China on Friday announced more concrete measures to improve its national social credit system.
Under the guidance of National Development and Reform Commission (NDRC), the China Information Industry Association (CIIA) has officially launched a project to promote the national social credit system.
Meanwhile, a public service platform was also released to trace private domain names, aiming to help the public to distinguish genuine domain names from counterfeit ones, CIIA president He Cuiqin said.
NDRC official claims that building a national social credit system is in everyone’s interest, while many critics say the government is only making radical policies to monitor the life of its people as a social credit system shall not be built on regulatory rules but on moral norms.
As the government is scrutinising on the borrowings of some of the country’s top overseas deal makers, live streaming of online video on Sino Weibo and other internet portals are banned as they are said to spread too many rumours.

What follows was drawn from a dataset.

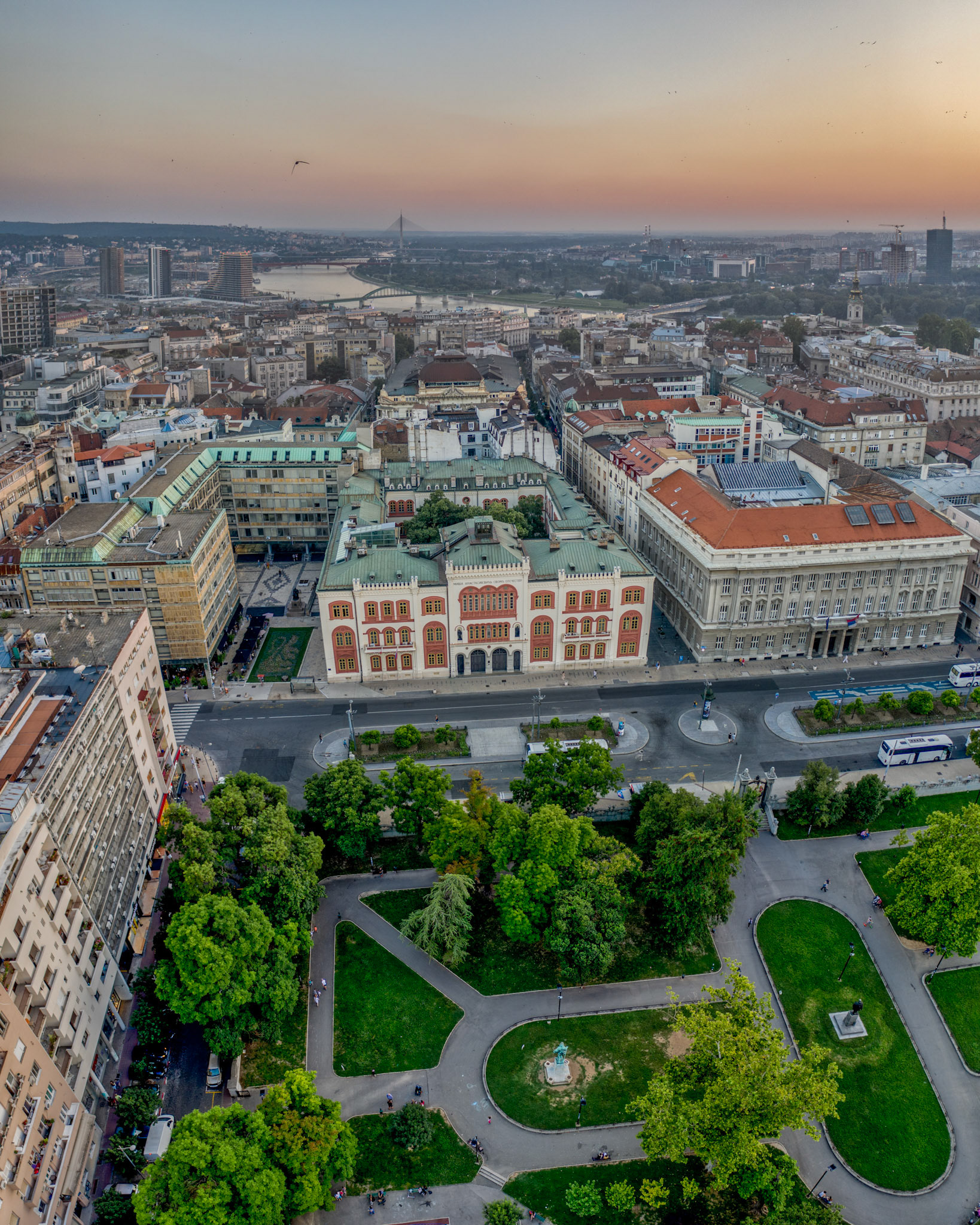 Ректорат, летња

Everyone seems to have a “social” credit problem.
At an internal meeting in April, the new head of China’s banking regulator said he would resign “if the banking industry becomes a complete mess”. This remark admits it’s the government’s polices or wrong doing that have caused the “complete mess”, not the people’s credit problem.

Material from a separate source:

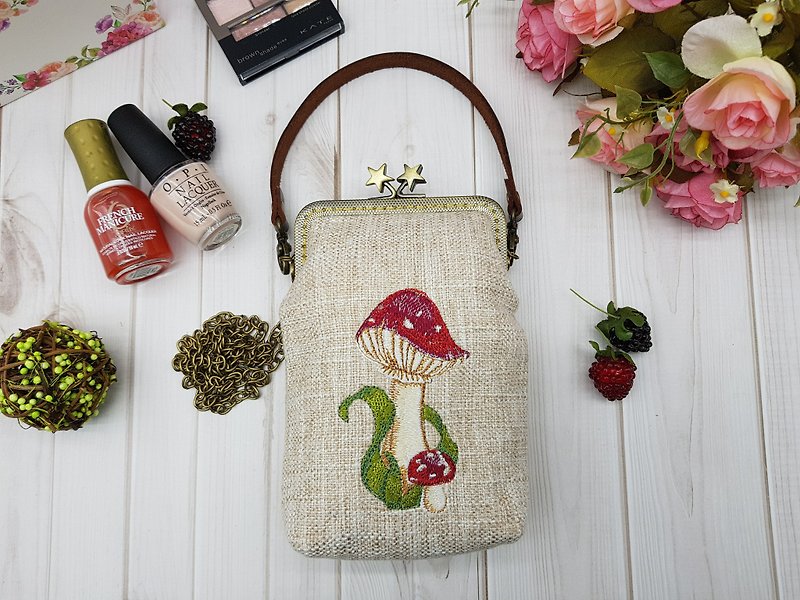 Embroidered mushroom mouth gold bag cross-body bag handbag storage bag cosmetic bag birthday gift - กระเป๋าแมสเซนเจอร์ - ผ้าฝ้าย/ผ้าลินิน สีกากี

Three years ago, China released an outline for building a government-led national social credit system to assess individuals and government agencies on areas ranging from tax payment and local government bonds to judicial credibility.
The outline, issued by the State Council, focuses on credit in four areas, including administrative affairs, commercial activities, social behavior, and the judicial system.
The authority pledged to establish a set of laws and regulations regarding social credit, a credit reference system that covers the whole of society and a related reward and punishment system by 2020.
According to Xinhua, the traditional frugality of Chinese people and their high rate of household savings are being challenged by the younger generation, who are motivated to spend with borrowed money, a new study has found.
China’s social credit problem seems to exist not only in the cities, but also in its rural areas. In reality, it is extremely difficult for Chinese farmers to get a bank loan.
This April, Vice-Premier Wang Yang called for a better rural credit guarantee system to direct more loans into the money-starved rural economy. Wang urged more cooperation by governments, banks and guarantee institutions.
In China, administrative measures and policies are often made confused with law and regulations. The government has always proclaimed to build a society ruled by law, hopefully not bad ones.